▸ SUPPLIED MATERIAL:
§ §
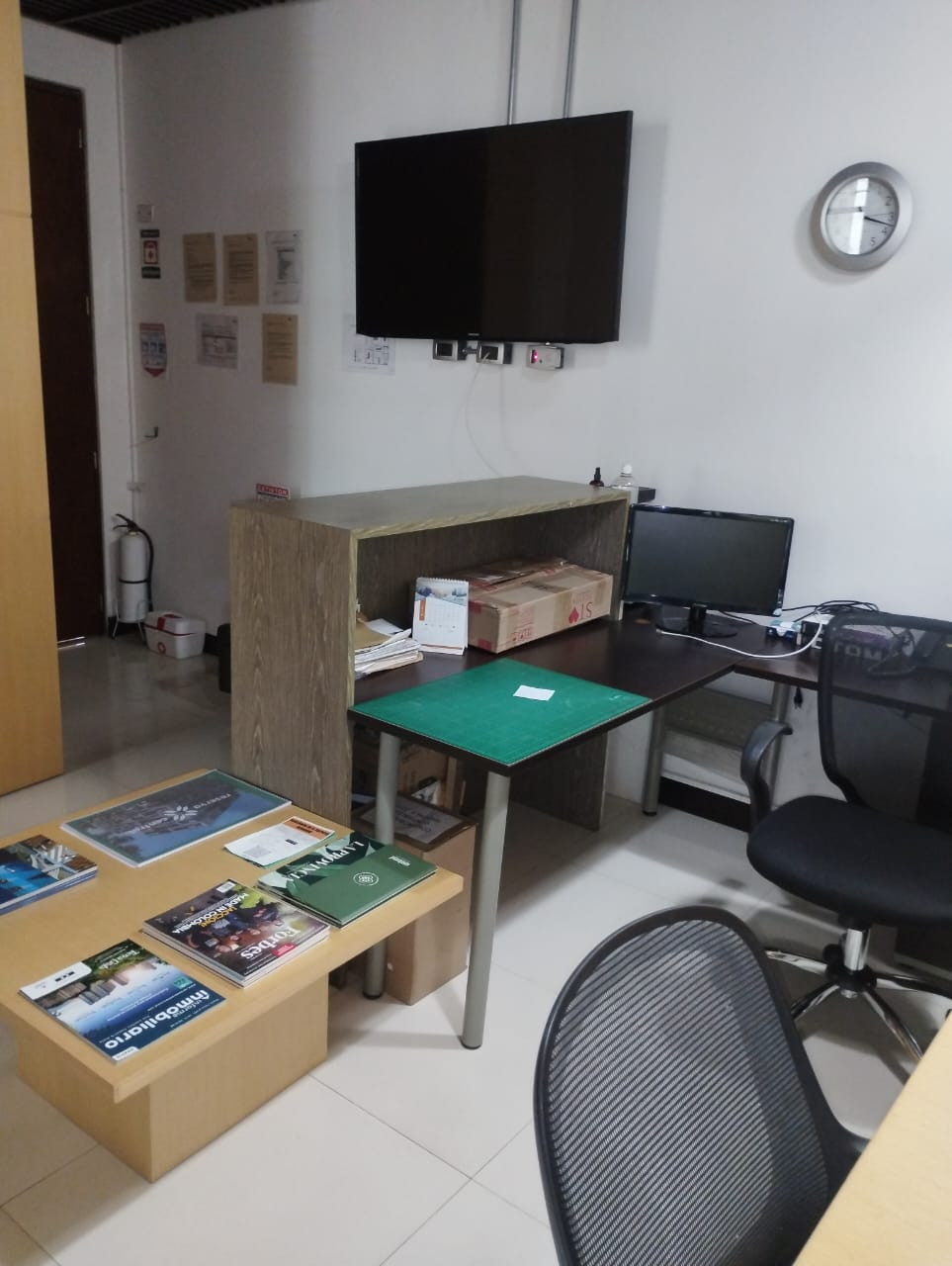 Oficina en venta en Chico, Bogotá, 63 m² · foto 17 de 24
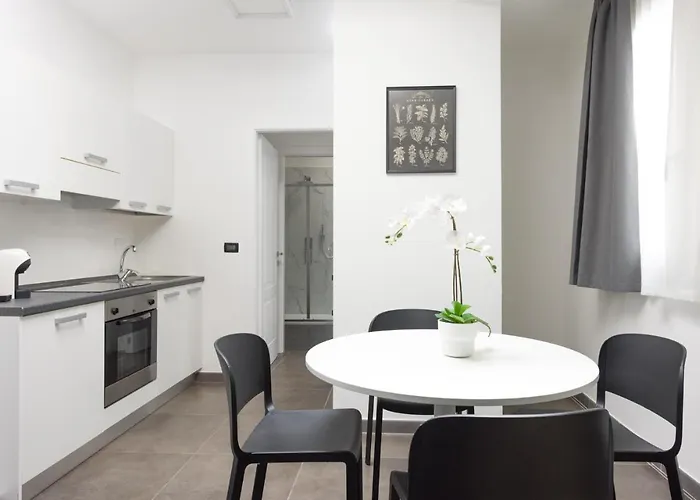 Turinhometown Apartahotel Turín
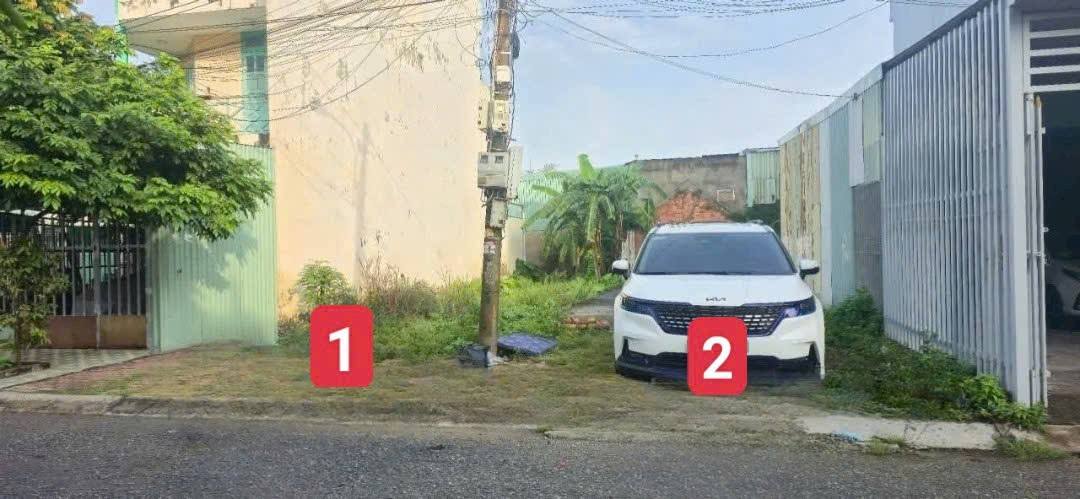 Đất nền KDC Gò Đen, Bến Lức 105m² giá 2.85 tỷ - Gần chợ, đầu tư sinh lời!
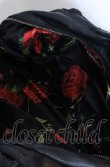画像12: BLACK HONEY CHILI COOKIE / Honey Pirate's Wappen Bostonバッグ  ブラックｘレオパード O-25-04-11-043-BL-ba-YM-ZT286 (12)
§ §
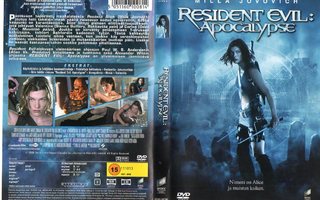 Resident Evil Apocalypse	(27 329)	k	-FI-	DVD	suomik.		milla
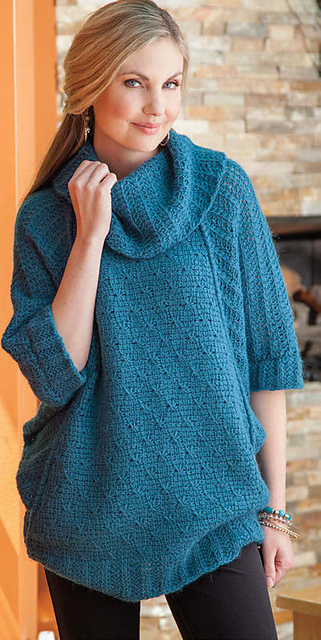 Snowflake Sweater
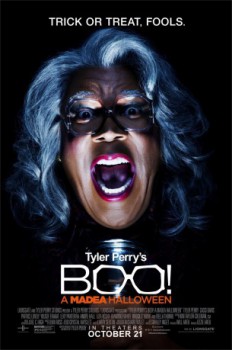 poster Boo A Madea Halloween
§ §
▸ TRY IT:
Taking the material above, give again exactly the lines from the one holding "Oficina en venta" through the one holding "画像12: BLACK HONEY", with both ends and without pictures.

▸ EXERCISE ANSWER:
 Oficina en venta en Chico, Bogotá, 63 m² · foto 17 de 24
 Turinhometown Apartahotel Turín
 Đất nền KDC Gò Đen, Bến Lức 105m² giá 2.85 tỷ - Gần chợ, đầu tư sinh lời!
画像12: BLACK HONEY CHILI COOKIE / Honey Pirate's Wappen Bostonバッグ  ブラックｘレオパード O-25-04-11-043-BL-ba-YM-ZT286 (12)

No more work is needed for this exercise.